■ WHAT YOU HAVE TO DO ■
From the entries that follow, list every line in which the string "Rechargeable" appears.

■ RECORDED DATA ■
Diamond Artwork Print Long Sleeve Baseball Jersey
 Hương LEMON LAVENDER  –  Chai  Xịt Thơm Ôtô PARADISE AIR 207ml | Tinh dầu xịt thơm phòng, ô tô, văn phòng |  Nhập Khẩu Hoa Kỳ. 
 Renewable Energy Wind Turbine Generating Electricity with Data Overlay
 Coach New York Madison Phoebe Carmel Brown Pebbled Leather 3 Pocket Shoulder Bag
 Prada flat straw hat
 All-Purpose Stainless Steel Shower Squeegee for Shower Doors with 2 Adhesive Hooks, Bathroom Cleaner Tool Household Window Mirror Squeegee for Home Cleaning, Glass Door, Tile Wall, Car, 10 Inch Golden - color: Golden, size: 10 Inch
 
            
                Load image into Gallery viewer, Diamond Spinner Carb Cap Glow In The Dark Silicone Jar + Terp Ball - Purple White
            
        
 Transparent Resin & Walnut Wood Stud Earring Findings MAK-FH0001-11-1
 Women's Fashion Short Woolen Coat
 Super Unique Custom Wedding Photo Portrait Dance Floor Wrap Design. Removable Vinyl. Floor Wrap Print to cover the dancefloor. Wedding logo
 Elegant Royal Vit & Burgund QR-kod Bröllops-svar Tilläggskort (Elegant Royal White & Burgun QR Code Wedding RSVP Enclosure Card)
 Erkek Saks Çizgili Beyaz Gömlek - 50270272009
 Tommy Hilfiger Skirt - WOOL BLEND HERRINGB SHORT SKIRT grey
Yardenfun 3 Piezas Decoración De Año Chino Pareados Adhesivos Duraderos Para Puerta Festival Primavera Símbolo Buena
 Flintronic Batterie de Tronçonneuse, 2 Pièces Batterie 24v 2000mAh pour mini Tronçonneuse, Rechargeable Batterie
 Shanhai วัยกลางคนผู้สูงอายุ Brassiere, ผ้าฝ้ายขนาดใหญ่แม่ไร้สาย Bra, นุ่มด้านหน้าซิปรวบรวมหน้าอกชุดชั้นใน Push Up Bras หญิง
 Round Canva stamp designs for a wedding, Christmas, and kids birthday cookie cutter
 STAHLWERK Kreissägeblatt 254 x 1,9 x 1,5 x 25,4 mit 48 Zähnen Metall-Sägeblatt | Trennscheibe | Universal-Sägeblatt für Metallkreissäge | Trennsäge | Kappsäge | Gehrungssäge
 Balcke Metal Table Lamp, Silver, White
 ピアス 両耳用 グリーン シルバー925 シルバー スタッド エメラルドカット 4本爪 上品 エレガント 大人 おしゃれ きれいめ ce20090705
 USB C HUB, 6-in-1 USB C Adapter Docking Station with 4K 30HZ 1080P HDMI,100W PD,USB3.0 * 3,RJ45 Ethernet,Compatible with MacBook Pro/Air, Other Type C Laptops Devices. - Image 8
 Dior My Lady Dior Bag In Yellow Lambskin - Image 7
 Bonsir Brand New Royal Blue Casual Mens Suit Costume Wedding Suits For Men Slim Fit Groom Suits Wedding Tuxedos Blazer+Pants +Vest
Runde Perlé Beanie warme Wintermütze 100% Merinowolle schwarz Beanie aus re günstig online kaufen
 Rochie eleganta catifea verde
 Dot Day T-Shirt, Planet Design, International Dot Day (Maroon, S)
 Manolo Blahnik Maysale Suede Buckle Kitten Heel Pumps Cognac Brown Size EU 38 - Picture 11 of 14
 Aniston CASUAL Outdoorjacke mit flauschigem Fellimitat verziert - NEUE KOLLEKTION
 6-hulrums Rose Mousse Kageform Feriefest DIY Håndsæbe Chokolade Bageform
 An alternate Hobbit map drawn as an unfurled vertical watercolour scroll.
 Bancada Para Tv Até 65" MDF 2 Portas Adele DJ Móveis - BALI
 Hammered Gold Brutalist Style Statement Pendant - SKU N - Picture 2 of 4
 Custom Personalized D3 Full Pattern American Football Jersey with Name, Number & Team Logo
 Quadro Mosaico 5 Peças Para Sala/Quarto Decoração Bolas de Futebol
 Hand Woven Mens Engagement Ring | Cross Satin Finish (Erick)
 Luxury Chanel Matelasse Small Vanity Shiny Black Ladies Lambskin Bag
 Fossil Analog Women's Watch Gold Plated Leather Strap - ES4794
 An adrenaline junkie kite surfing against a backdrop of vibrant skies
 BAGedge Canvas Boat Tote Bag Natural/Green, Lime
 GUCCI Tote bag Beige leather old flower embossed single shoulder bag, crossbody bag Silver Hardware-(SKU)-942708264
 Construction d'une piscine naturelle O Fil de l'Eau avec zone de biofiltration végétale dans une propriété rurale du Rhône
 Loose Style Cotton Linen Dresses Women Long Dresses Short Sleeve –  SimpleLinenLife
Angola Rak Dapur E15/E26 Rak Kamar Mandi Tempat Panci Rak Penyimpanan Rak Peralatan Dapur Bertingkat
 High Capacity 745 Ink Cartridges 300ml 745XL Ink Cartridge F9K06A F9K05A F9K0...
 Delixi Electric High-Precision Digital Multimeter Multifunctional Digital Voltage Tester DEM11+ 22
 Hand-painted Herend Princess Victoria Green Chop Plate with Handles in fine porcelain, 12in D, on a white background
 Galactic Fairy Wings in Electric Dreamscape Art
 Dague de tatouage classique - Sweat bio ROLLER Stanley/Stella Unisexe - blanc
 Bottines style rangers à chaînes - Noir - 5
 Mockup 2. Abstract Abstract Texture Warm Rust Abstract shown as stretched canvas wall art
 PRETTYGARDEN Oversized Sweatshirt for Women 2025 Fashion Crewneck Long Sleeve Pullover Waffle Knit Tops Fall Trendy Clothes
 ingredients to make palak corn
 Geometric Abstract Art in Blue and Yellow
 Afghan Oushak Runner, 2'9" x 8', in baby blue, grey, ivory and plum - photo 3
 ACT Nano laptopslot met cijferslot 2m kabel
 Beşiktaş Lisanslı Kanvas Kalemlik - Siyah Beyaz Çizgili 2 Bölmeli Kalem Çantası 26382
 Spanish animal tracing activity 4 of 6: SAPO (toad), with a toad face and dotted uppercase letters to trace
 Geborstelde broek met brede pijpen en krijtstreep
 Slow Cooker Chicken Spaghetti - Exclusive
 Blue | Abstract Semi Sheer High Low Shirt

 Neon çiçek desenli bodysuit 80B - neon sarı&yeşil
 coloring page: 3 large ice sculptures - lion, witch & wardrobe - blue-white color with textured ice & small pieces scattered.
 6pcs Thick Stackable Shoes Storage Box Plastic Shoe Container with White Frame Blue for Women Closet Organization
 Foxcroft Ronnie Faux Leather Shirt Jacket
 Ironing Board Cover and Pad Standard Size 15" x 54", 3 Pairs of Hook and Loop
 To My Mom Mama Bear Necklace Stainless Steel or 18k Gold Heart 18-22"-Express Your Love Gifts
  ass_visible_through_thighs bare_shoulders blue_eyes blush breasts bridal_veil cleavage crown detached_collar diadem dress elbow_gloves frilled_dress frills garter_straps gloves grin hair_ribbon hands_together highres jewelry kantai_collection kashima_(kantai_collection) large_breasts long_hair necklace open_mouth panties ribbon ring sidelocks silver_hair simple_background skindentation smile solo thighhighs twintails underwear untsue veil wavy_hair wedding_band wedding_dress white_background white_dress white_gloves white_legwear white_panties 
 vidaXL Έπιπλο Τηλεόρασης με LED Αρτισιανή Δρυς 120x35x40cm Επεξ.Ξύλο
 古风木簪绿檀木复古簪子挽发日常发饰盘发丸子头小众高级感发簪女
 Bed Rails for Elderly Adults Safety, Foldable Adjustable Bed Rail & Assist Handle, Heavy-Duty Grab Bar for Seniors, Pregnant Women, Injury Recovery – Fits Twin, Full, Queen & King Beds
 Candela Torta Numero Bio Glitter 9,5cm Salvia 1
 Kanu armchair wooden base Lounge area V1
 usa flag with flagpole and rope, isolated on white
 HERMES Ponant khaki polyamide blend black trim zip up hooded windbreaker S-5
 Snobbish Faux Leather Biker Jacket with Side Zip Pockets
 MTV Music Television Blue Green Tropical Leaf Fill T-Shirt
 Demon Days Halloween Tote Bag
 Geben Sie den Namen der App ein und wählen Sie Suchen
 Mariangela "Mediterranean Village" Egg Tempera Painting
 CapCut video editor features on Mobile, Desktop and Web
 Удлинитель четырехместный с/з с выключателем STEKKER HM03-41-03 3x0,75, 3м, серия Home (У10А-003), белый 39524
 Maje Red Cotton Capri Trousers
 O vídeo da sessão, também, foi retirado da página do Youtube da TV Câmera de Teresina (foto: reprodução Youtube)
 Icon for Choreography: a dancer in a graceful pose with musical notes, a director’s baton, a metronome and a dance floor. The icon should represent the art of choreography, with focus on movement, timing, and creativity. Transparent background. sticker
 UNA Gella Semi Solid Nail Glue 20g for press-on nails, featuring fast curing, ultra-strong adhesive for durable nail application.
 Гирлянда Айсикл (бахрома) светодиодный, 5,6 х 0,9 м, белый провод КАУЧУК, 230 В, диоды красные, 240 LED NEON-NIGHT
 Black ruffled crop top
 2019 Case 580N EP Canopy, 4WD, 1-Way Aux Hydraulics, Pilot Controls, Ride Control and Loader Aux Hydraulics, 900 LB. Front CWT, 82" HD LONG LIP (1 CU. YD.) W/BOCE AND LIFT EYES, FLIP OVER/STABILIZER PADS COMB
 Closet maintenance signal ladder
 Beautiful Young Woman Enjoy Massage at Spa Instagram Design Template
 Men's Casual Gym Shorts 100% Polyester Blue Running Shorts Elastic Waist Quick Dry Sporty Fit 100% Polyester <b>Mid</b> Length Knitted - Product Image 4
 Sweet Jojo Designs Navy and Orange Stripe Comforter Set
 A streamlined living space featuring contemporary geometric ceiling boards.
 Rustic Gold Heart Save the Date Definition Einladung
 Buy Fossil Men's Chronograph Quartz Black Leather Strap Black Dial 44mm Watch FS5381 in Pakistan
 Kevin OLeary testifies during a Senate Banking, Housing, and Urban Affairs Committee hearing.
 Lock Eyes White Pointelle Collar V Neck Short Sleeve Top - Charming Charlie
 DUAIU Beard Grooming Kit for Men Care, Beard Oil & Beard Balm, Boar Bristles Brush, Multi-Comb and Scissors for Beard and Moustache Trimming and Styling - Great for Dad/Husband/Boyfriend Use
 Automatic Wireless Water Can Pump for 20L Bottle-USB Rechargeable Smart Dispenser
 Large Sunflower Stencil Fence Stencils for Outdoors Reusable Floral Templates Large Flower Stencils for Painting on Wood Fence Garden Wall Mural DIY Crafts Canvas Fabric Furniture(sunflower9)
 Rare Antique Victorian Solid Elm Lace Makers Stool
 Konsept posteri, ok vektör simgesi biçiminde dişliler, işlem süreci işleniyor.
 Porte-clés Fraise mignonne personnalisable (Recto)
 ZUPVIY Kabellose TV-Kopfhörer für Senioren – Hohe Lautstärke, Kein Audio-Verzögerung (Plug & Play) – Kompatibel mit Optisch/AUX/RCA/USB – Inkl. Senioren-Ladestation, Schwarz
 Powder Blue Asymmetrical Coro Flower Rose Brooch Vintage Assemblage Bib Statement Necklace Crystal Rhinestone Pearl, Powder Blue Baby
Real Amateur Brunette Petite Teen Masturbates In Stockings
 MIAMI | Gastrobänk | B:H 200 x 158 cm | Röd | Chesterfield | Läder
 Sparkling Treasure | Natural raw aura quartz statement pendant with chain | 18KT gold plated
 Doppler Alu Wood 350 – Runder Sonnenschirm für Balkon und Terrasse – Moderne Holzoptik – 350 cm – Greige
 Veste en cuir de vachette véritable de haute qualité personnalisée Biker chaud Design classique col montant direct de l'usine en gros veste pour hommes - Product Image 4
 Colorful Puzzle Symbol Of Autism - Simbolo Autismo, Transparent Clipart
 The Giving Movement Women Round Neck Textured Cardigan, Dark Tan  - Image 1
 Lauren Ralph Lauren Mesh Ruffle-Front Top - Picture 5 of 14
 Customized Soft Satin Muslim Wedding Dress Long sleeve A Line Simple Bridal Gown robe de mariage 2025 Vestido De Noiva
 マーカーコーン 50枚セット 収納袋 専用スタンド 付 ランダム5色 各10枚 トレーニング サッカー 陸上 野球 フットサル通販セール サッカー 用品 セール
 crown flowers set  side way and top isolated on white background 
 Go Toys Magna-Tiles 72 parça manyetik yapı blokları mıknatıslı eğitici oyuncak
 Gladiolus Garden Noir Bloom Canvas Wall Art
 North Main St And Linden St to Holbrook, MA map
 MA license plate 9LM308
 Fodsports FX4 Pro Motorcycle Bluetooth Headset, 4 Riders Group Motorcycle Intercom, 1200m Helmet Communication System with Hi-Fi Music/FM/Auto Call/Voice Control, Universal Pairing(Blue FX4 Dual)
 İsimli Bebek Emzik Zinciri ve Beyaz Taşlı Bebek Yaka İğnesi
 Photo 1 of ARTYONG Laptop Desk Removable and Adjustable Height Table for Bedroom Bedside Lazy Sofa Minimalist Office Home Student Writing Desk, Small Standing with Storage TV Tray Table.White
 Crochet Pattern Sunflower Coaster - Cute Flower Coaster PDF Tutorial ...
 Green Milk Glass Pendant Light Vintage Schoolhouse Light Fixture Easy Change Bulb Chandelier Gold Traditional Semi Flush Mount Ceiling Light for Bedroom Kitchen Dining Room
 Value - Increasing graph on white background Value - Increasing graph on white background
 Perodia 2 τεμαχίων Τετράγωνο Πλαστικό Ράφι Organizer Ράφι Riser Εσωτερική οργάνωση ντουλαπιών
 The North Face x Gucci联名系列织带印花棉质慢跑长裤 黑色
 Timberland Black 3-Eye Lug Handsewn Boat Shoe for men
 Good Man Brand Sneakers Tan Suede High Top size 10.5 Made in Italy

■ YOUR RESPONSE ■
 Flintronic Batterie de Tronçonneuse, 2 Pièces Batterie 24v 2000mAh pour mini Tronçonneuse, Rechargeable Batterie
 Automatic Wireless Water Can Pump for 20L Bottle-USB Rechargeable Smart Dispenser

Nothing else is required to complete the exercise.